(Exercise description):
Transcribe the line that contains "If I want to" and every line after it to the end of the records, exactly and nothing else. Skip the pictures.

□ □ □ □

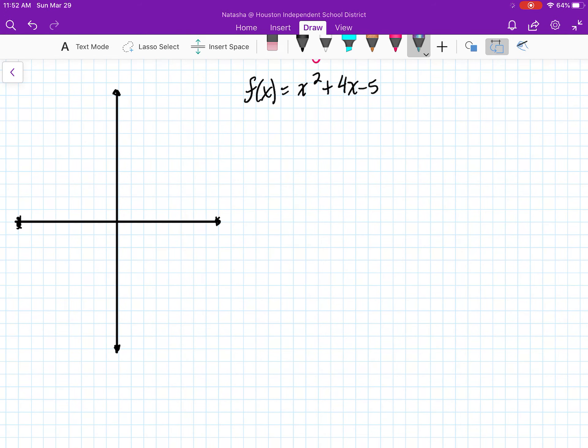Hello! In this episode we're going to talk about finding solutions of a quadratic equation utilizing the graphing method.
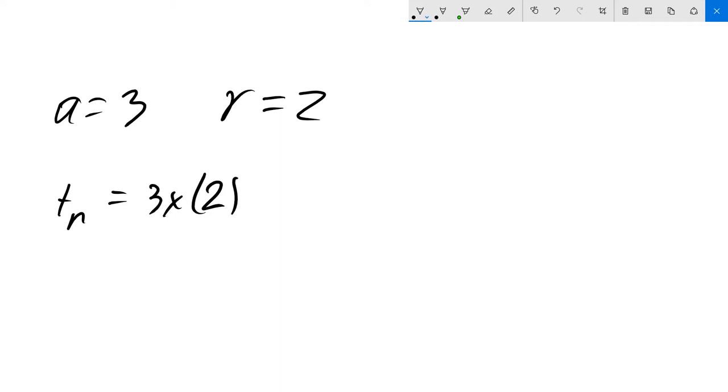If I want to calculate the 8th term, that's going to be 3 times 2 to the power of 7. 2 to the 7 is 128.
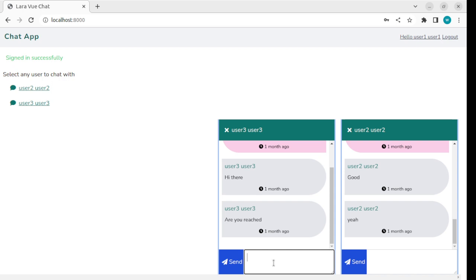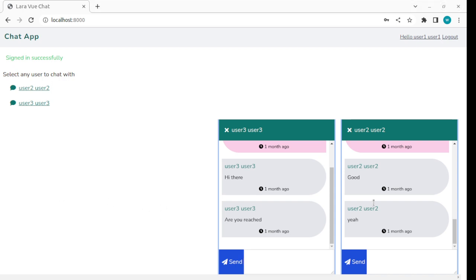This is a real-time chat application using Laravel Echo and Pusher. In the upcoming videos, we'll see step by step how to build this application. So stay with me and see you in the next video.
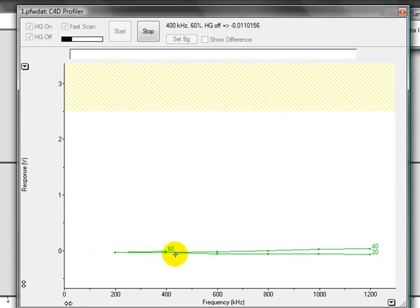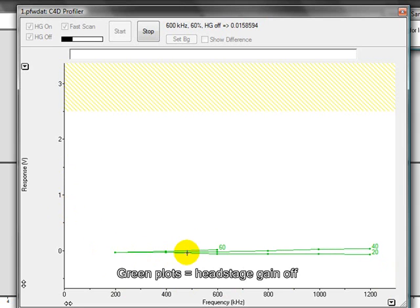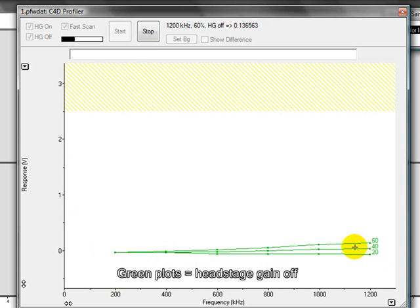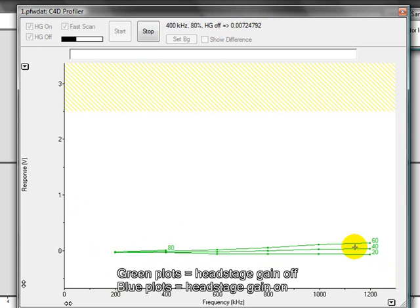It is starting with the head stage gain off, these are the green plots. Once it has finished those, it will run with the head stage gain on, these will be the blue plots.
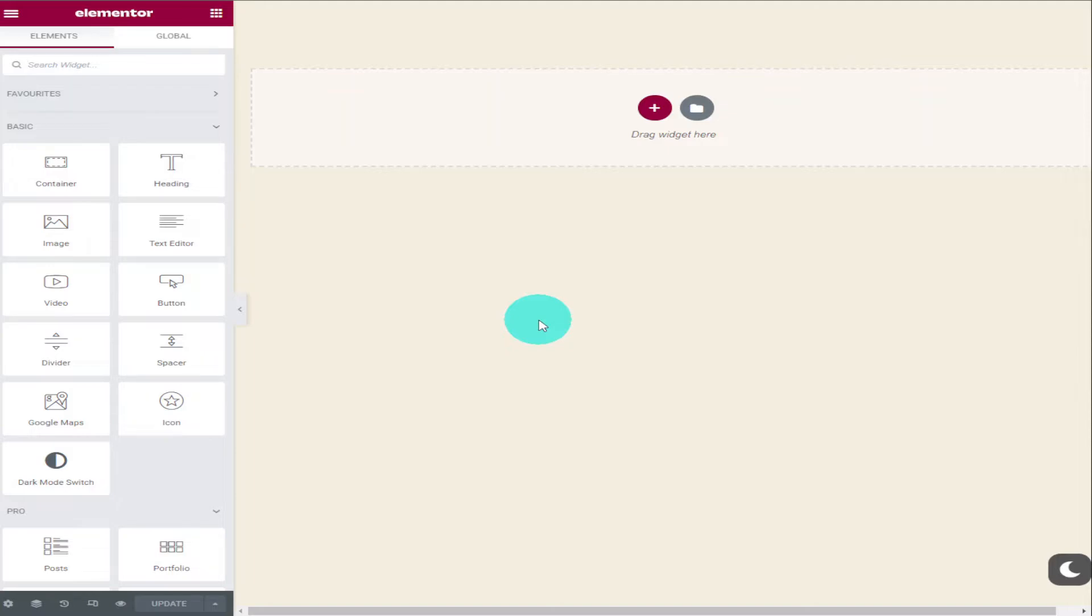If you haven't got Elementor Pro, there is a link at the top of the description. It is an affiliate link. It doesn't cost you any more to use, but does give me a small percentage of Elementor's profits if you choose to sign up.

□ □ □ □

(Solution for this task):
If I want to calculate the 8th term, that's going to be 3 times 2 to the power of 7. 2 to the 7 is 128.
This is a real-time chat application using Laravel Echo and Pusher. In the upcoming videos, we'll see step by step how to build this application. So stay with me and see you in the next video.
It is starting with the head stage gain off, these are the green plots. Once it has finished those, it will run with the head stage gain on, these will be the blue plots.
If you haven't got Elementor Pro, there is a link at the top of the description. It is an affiliate link. It doesn't cost you any more to use, but does give me a small percentage of Elementor's profits if you choose to sign up.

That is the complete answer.